Square Reshapes Product Lineup, Adding B2B Service, Yanking ‘Order’ (March 24, 2015)
Square Inc. this week poured more heat into P2P with the debut of Square Cash for Business, an extension of its consumer-targeted Square Cash P2P product launched in 2013. The new service targets Square’s core small-business audience, going after companies eager to reduce their reliance on checks by introducing a new way to send invoices and receive payment via Square’s app using debit cards. Participating billers create unique user names—which Square calls “$Cashtags”—and distribute them to their customers, who must download Square’s app and enroll a debit card to make
payments. It’s free to payees, but billers pay a 1.5 percent fee per transaction, lower than the 2.75 percent rate Square charges businesses for credit and debit card acceptance. P2P is becoming a hot area with banks, technology providers and companies like Google vying for a foothold in the space. And, Facebook last week unveiled a free, payments card-based P2P service for its 500 million Messenger app users.
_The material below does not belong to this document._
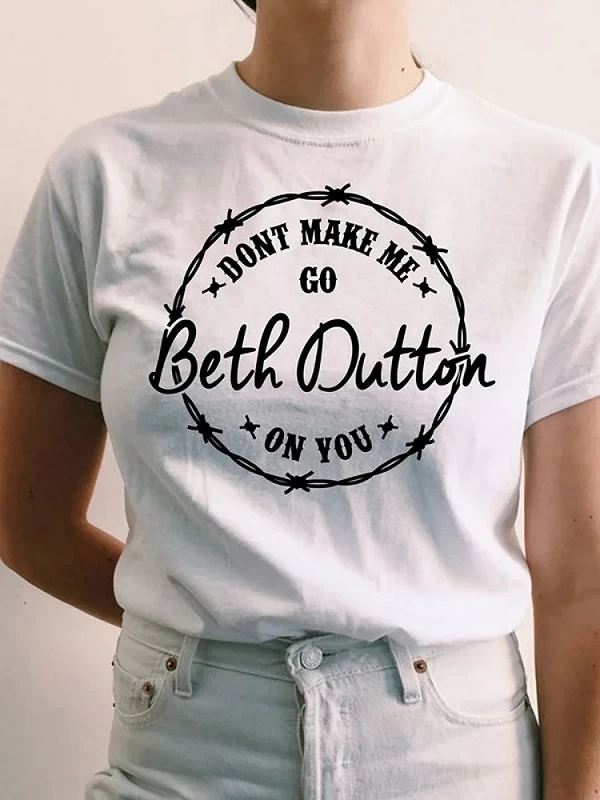 T Shirt Fille Dont Make Me Go Beth Dutton on You Yellowstone, Cotton T-Shirts, Tv Shows Graphic Tee, Big Size Ladies Clothing|10,00 €|OKKO MODE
Separately, Square last week shut down its Square Order app, which debuted in May 2013 as a replacement for the Square Wallet app. Square Order enabled users to order ahead at cafes and restaurants in New York and San Francisco, but the service failed to ignite. Square said it plans to focus instead on enriching its arsenal of small-business tools and will continue to support gift cards and online ordering through its Square Online Store.
Meanwhile, other payments players are advancing their order-ahead and delivery services. PayPal in 2013 launched its Order Ahead service through the PayPal app, and festival-goers at this month’s SXSW in Austin, Texas, were using the app to place coffee orders ahead for in-store pickup, a PayPal spokesperson tells Paybefore. Dunkin’ Donuts last year began testing an order-ahead service, and Starbucks this month said it’s expanding its “Mobile Order & Pay” system to 800 stores in the Northwest after a test begun last year. Starbucks also plans to test product delivery through the San Francisco-based startup Postmates Inc., and pilot a separate service to deliver Starbucks products to workers’ in certain New York office buildings.
Why did Square shut down an app in a seemingly fast-growing niche, while doubling down in the highly competitive P2P arena? “Like any company pushing innovation forward, Square has had a few failures. It’s smart to pull back on products that don’t seem to be succeeding, cutting losses at an early stage,” explains Rick Oglesby, head of research at Double Diamond Group.
Now Square is returning to focus on its core strengths, according to Oglesby. “Square has the most recognizable brand in m-POS, which is a distinct advantage,” he says. This month Square purchased Kili Technology, a Toronto-based maker of payments processing software and hardware that boasts expertise in NFC and EMV technology. “Acquisition has been a clear part of Square’s strategy for a while now, but Square has other options, Oglesby observes. The company has “significant assets” that could make it ripe for acquisition by a larger company, he says.